TASK OBJECTIVE:
Omit the images and return the remaining entries unchanged.

PROVIDED DATA:
☆ ☆ ☆ ☆ ☆ ☆ ☆

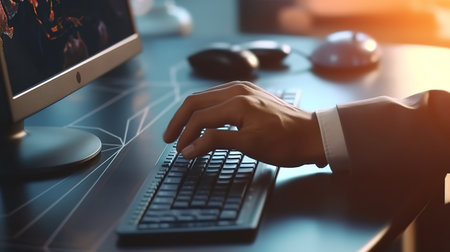 A businessman analyzing investment charts at workplace and using laptop. Generative aiの素材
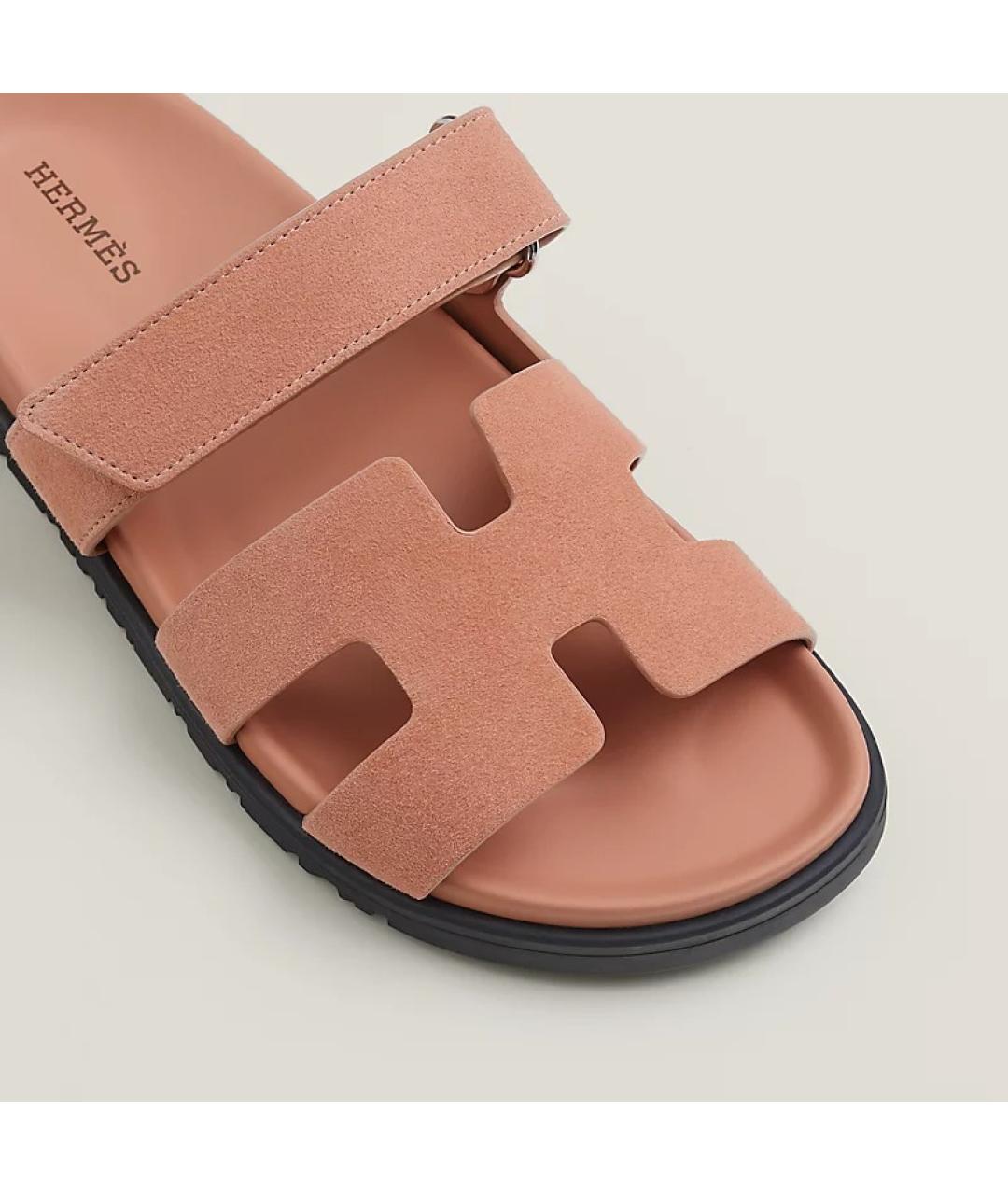 HERMES Коралловые кожаные сандалии, фото 6
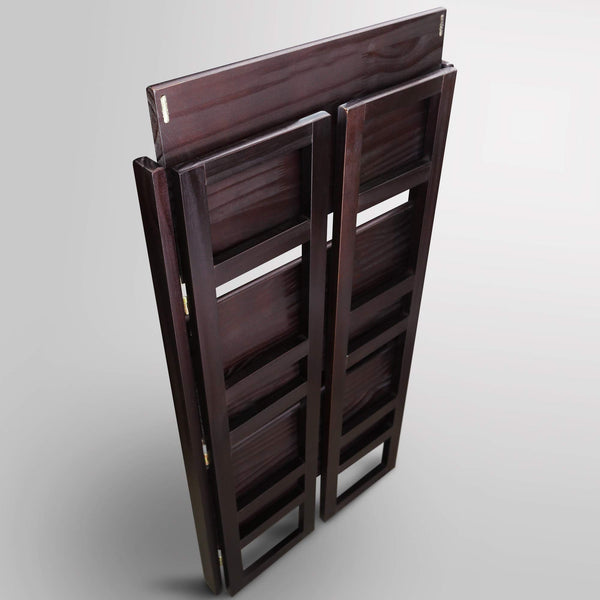 3-Shelf Folding Solid Wood Bookcase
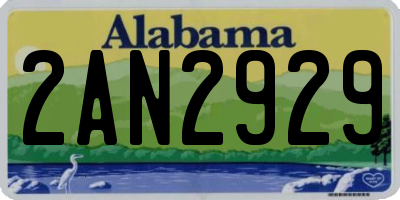 AL license plate 2AN2929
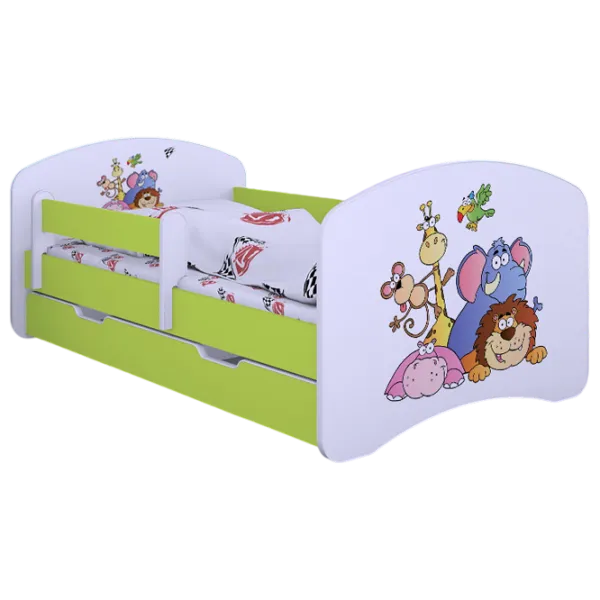 Pat pentru copii Happy Babies Happy Safari L08 90 x 190 cm / PVC / Green photo 1 Pat pentru copii Happy Babies Happy Safari L08 90 x 190 cm / PVC / Green photo 1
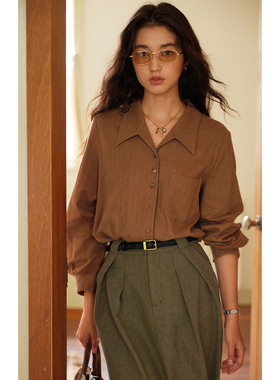 solighter 法式亚麻人字纹燕子领衬衫女秋冬2025新款复古长袖衬衣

☆ ☆ ☆ ☆ ☆ ☆ ☆

EXPECTED ANSWER:
 A businessman analyzing investment charts at workplace and using laptop. Generative aiの素材
 HERMES Коралловые кожаные сандалии, фото 6
 3-Shelf Folding Solid Wood Bookcase
 AL license plate 2AN2929
 Pat pentru copii Happy Babies Happy Safari L08 90 x 190 cm / PVC / Green photo 1 Pat pentru copii Happy Babies Happy Safari L08 90 x 190 cm / PVC / Green photo 1
 solighter 法式亚麻人字纹燕子领衬衫女秋冬2025新款复古长袖衬衣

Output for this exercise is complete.